Nuclear shell model

The shell model in nuclear physics is a model of the structure of atomic nuclei. It attributes this to quantum mechanical laws back, mainly due to the angular momentum quantization and the Pauli principle, and explains for example the successful magic numbers.

Description

While the liquid-drop model the nucleus compares with a drop of water, whose behavior can be described mainly with classical mechanics, the shell model considers the individual nucleons and their motion in a potential field according to the rules of quantum mechanics, similar to the shell model for electrons in the atomic shell. Proton and neutron have as the electron spin quantum number 1/2. However, there are important differences from the atomic shell:

  • The nuclear core is comprised of two different types of particles,
  • There is no common potential of the center of force, but the field that acts on a single particle is produced from the remaining particles,
  • Between the nucleons act much stronger forces.

Well suited for describing a Woods - Saxon potential appears. Since this but can only handle numerical, one chooses to analytic treatment, for example, a similarly extending modified potential of a harmonic oscillator. Obtained as solutions of the Schrödinger equation discrete energy levels that can accommodate certain numbers of particles depending on the quantum numbers; they are - referred to as " shells " - based on the description of the atomic shell.

The level of the protons and neutrons are not the same, because the charge of the proton provides by mutual repulsion that the proton levels are somewhat higher than that of the neutron. Most nuclides ( up to about 80 protons), the distances of the levels to one another but for the protons and neutrons are approximately equal, the two -level diagrams are so displaced relative to one another substantially only. You can confirm this in mirror nuclei. This shift corresponds to the liquid-drop model of the Coulomb part.

The magic numbers

The number of identical particles, which can be located on a shell, is limited by the Pauli principle.
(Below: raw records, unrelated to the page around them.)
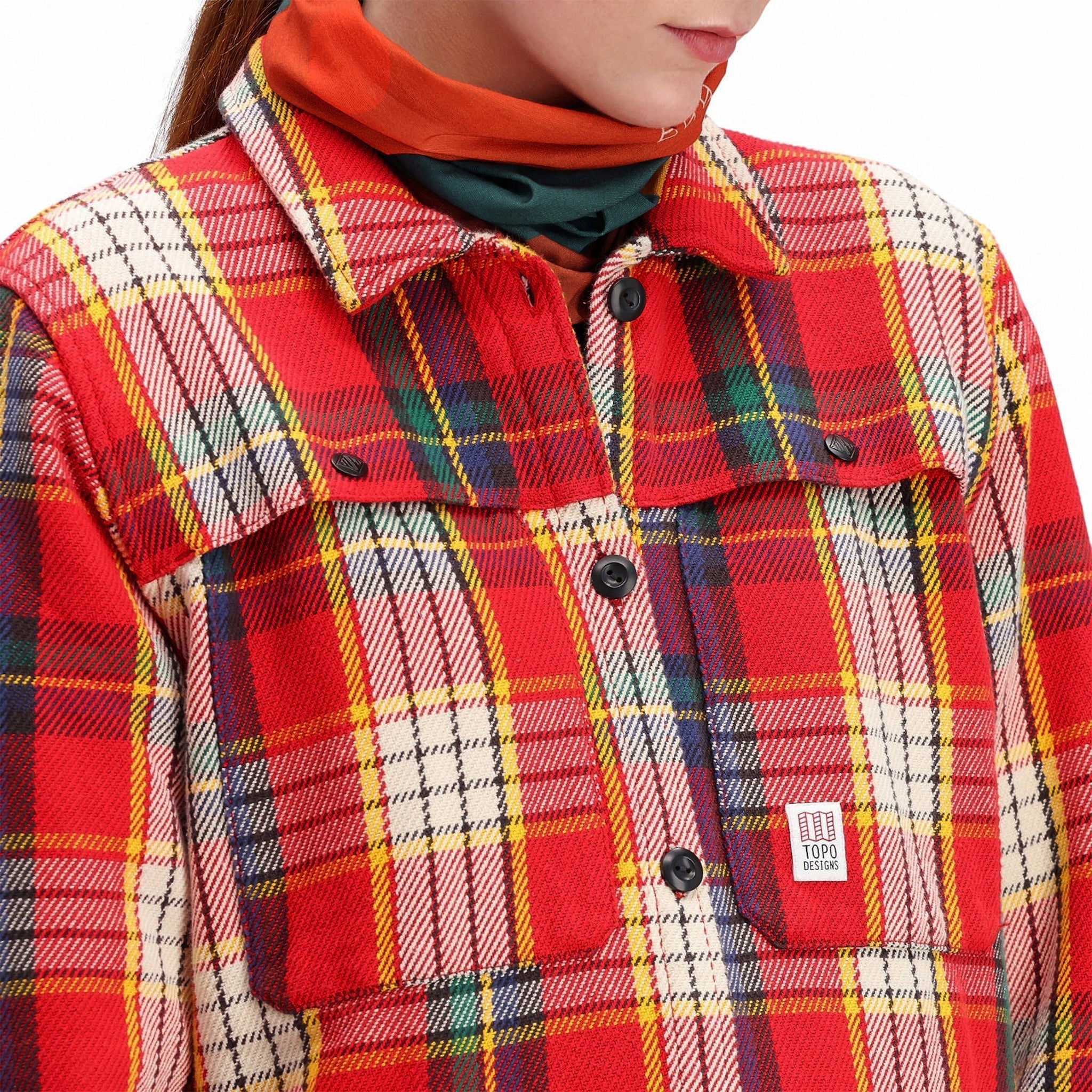 Detailaufnahme des Modells der Topo Designs Damen Mountain Shirt Jacket in "rot/gelb kariert" mit Brusttaschen und Knöpfen. Zeige auf "braun / natur kariert"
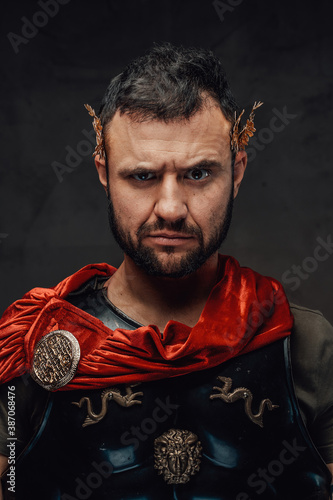 Serious and bearded roman emperor dressed in dark armour and red cloak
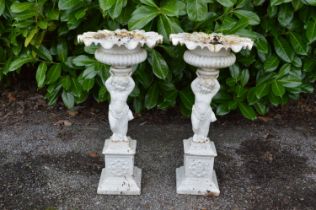 Pair of painted iron urns having gadrooned bowls supported by cherubs, standing on square bases -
The 1s shell, for example, is already fully occupied by two nucleons, and the next nucleon must occupy the 1p - shell with a correspondingly higher energy.

When all the protons or neutron shells are either completely filled or empty in a core, this is a particularly stable configuration, comparable to noble gases in the chemical; the special stability is evident in many properties and metrics. Such nuclei are called magic nuclei. The magic numbers observed in naturally occurring nuclides are 2, 8, 20, 28, 50, 82 and 126 nuclei in which protons and neutrons satisfy the condition called doubly magic.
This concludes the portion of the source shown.